I think he does a really amazing job of understanding what his character does for the movie and how to make all of those pieces fit together.
- Don Johnson and Sam Shepard also star so can you talk about getting them on board?
Once Michael got on board… we spent a long time trying to find who that duo was going to be in a big screen version and we wanted Don Johnson and Sam Shepard.
It was tough to get the scripts into their hands until Michael came on board and them people really started to take the project seriously and more than just a b-movie pulp exercise. It turned out that they already knew each other - which certainly didn’t hurt - and they had wanted to act together.
They were amazing, in completely different ways to Michael and different ways from each other; Don has his energy, Sam has his energy, and they couldn’t be more different.
- This is a dark and violent movie and yet the most shocking act of violence, we never see. I wondered why you chose to handle it in that way?
I think probably a lot of that we got out of our system by doing three horror films. We were so excited to be making films and making horror films that we really did have a ‘pedal to the metal’ feel to things and we didn’t shy away from visceral and shocking moments.
But it also felt that by the time that we had got to this, we had done that, we had explored that, and we had really good examples of that with the stuff that we had done.
This was about balance and how much to show and how much not to show. Ultimately, what is important in our film is not what happens but how the characters react to it.
There is a lesson in storytelling here as well by asking what is important here? Is it seeing this horrible act of violence? Or is it the characters that see this and have to process this and make a decision because of it?
When you have actors like ours, the most horrifying response can be to keep the camera on their face watching. It was a good moment and we knew that is what we always wanted to do. It happened in a very organic way that hopefully works better for the film.
- The movie had its premiere at the Sundance Film Festival and has gone on to enjoy critical success. How have you personally been finding the response to the film so far?
We had just done We Are What We Are, which was really well received and had had a good festival run, and I thought that we were never going to top that. In a way, that gave me a freedom to make the film that we wanted to make.

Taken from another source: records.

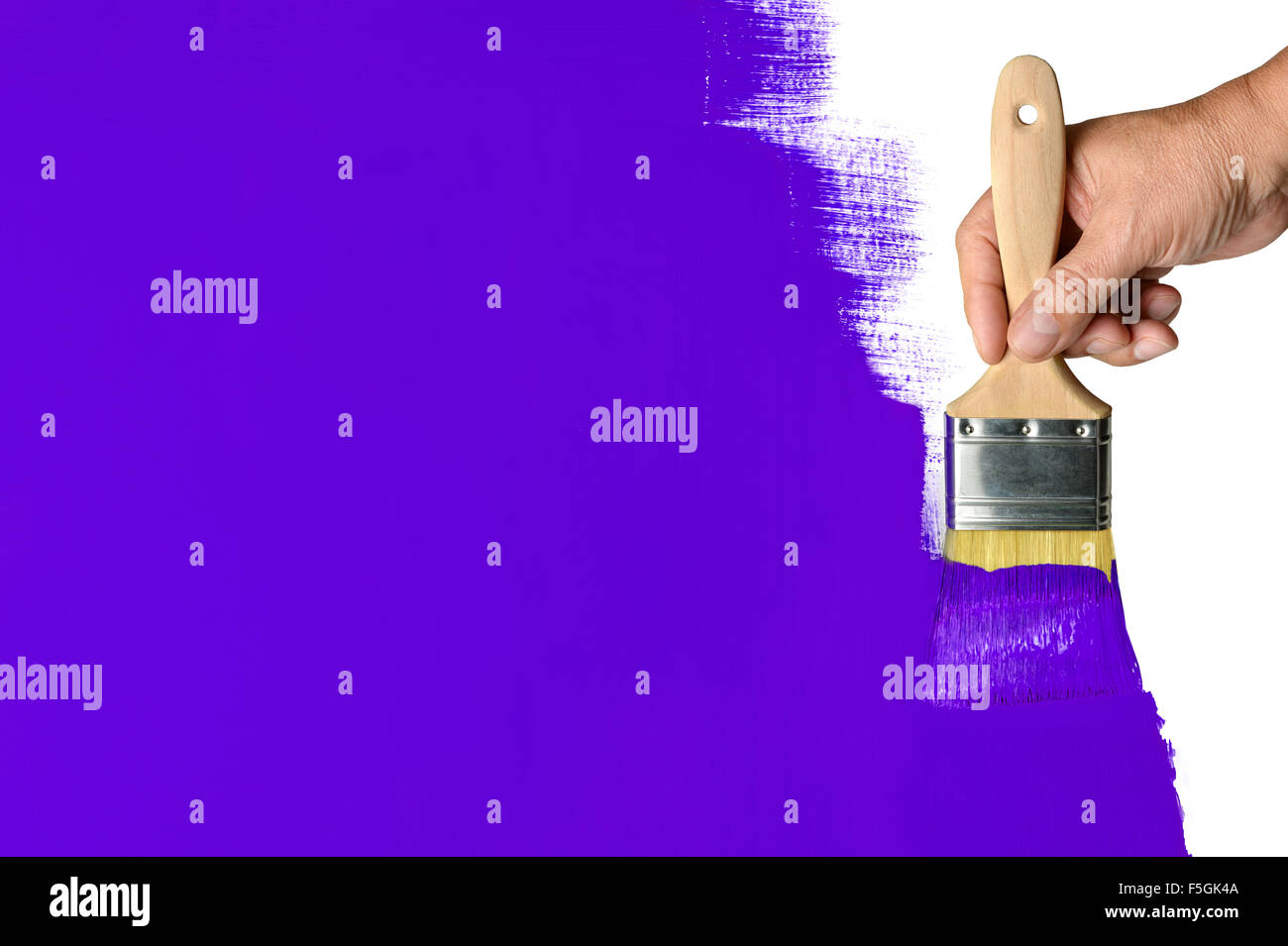 Man's hand using paintbrush with purple paint on wall Stock Photo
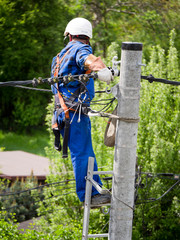 Praca montera instalacji elektrycznej na słupie energetycznym © JDziedzic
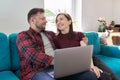 Happy smiling middle aged family couple looking at laptop screen together Royalty Free Stock Photo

We had had this in the can for a while and we had always wanted it to be a trashy, sweaty, dirty, pulpy story, and having the critical success from our previous film did give us the confidence to do make that movie.
We never tried to top what we had done before, win critics over, or do an art house thing; we just made the film the way we thought it should be. What is so rewarding, is that is also had that same response and has come over really well with audiences.

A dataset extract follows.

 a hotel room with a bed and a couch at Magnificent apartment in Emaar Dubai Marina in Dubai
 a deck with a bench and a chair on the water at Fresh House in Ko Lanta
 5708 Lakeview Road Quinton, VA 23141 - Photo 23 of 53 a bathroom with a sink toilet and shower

That has been a really good lesson; to make the film that you are supposed to make and to not try pander I guess. It has been really great and has given us the confidence to really stick with the stories that we want to tell no matter what genre they happen to be in.
- Finally, what's next for you?
One the one hand, we are developing a TV series - it is an extension of Cold In July and will be for the Sundance TV channel. It is also based on Joe Lansdale’s work and will feature some of the characters that are in Cold in July.
We have just turned that final script in and will hopefully find out in the next few weeks if that is going to go ahead next year.
I also have to movies that I am casting at the moment. One is a quiet Hitchcockian thriller and one is a little bit bigger and is a science fiction/ special effects film. So I have three wildly different things in the pipeline and we will see which one goes first.
Cold In July will be available on DVD, Blu-ray and On Demand from 20th October.